Sur le plan du combat philosophique de la bourgeoisie progressiste, le terme « libre penseur » apparaît avec l’ouvrage d’Anthony COLLINS, publié en 1713, et intitulé : « Discours sur la LIBRE PENSEE », occasionné par le progrès et la croissance d’une secte appelée « LIBRES PENSEURS ».
Sur le plan du combat philosophique populaire, le terme « LIBRE PENSEE » a été divulgué dans le peuple par les Communards comme BLANQUI, RIGAULT, FLOURENS, qui écrivaient dans l’hebdomadaire « LA LIBRE PENSEE » fondé le 24 janvier 1870.

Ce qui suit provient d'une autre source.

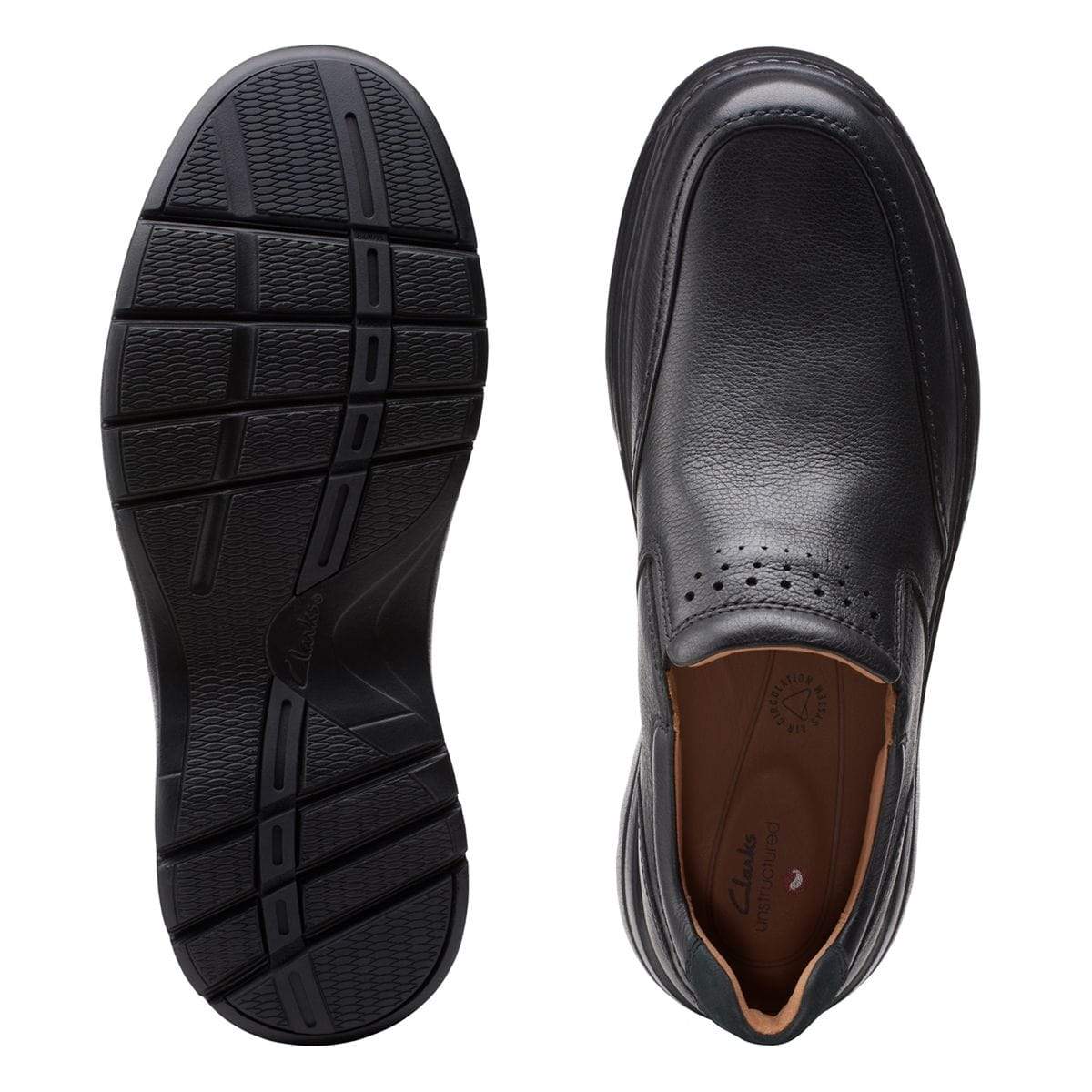 Clarks Men's Un Brawley Step Slip On Shoes- Black Leather - Image 7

« L’IDEE LIBRE » présente dans son numéro 110 la vie et l’œuvre d’Anthony COLLINS, ce bourgeois anglais qui, en 1713, lança le terme LIBRE PENSEUR dans la pensée de son époque. Pour saisir son audace, il ne faut pas oublier que le curé MESLIER, athée, mort en 1729, n’exposa ses idées que sous forme testamentaire afin d’éviter le bûcher. En ce temps-là, les écrivains « irreligieux » étaient obligés de donner des « coups de chapeaux » aux autorités afin de pouvoir continuer à écrire « subversivement ».
Si l’introduction du terme « ATHEE » provient en 1532 de RABELAIS, le terme « MATERIALISME » du savant BOYLE en 1675, le terme « LIBRE PENSEE » introduit de 1692 à 1713 témoigne de l’évolution de la philosophie progressiste ; l’abandon de ces trois termes est en général un « signe » de régression de la pensée. En effet, aucun fait notable tant social qu’économique ou politique ne permet d’affirmer que cette ligne d’évolution est en contradiction avec une politique d’émancipation populaire des individus et donc de l’humanité.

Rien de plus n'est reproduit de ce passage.